VM vCPU GhzUsed ReadySecPerDay GhzCapacity NeededCores HostSockets HostCores NumaCores
-- ---- ------- -------------- ----------- ----------- ----------- --------- ---------
<vm name> 28 6.95 53702 50.4 8 2 28 14
<vm name> 28 1.83 44517 50.4 2 2 28 14
<vm name> 22 2.51 42160 50.4 4 2 28 14
<vm name> 22 1.91 40147 50.4 2 2 28 14
....
<vm name> 4 0.1 14 8.4 2 2 16 8
<vm name> 6 0.06 7 12.6 2 2 20 10
<vm name> 4 0.13 3 8.4 2 2 36 18
<vm name> 4 0.38 3 8.4 2 2 20 10
Explanation of Fields
VM Name of the VM
vCPU Count of vCPU cores assigned to the VM
GhzUsed Average Ghz consumed by the VM over the past year
ReadySecPerDay Average number of total seconds the VM's cores were in "CPU READY" state (waiting for CPU time from the host)

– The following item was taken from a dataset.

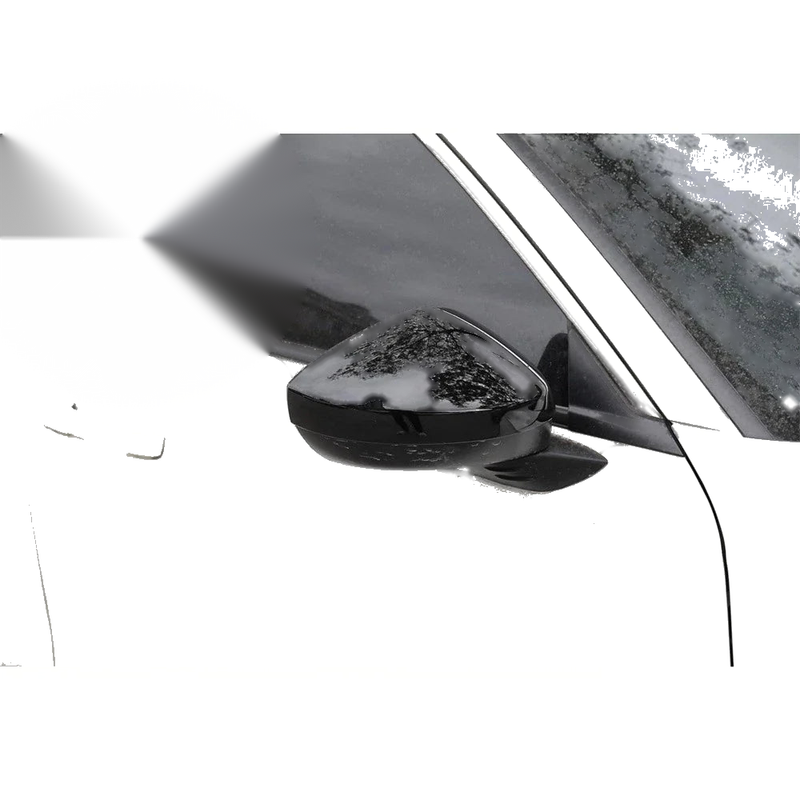 Honda Civic Right Side Rearview Mirror Cover (2022-2024)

NeededCores Double the number of cores required to accomodate average load, assuming a core provides about 2Ghz
HostSockets Number of physical processors installed in the ESXi host
HostCores Total number of cores between all sockets
NumaCores Number of cores available to each NUMA node
It’s normal to have some CPU READY time in your virtual environment. It is, after all, a shared environment. Many VMs will average less than 200 seconds of CPU READY per day. However, when you start to get larger and larger vCPU counts, you can see CPU READY piling up into the tens of thousands. This is all performance that is just out the window. Right-sizing all your VMs will prevent them from competing for resources.
Change the vCPU settings
In the cases where you need more vCPU cores than exist on a given NUMA node, you can fiddle with the CPU cores/sockets settings in the VM virtual hardware settings. This VMware blog has far more detail about it: https://blogs.vmware.com/performance/2017/03/virtual-machine-vcpu-and-vnuma-rightsizing-rules-of-thumb.html
Move the VMs to hosts with higher core counts
Lets say you have some hosts with 2x10 cores but they have VMs with 16 cores. You could move those VMs to larger hosts with 2x16 cores or more.
Use CPU reservations
Important note: This just tells VMware to rob Peter to pay Paul. You can use this to ensure that production VMs get resources when push comes to shove and that non-prod VMs get crippled.
Use Anti-Affinity Rules
If you only have a handful of oversized VMs in your environment, you can create anti-affinity rules to ensure that they don’t reside on the same host together. This can also be a stopgap measure.
Conclusion
The easiest thing to do is simply right-size your VMs. Correctly allocated CPU and RAM will prevent this problem, as well as many others.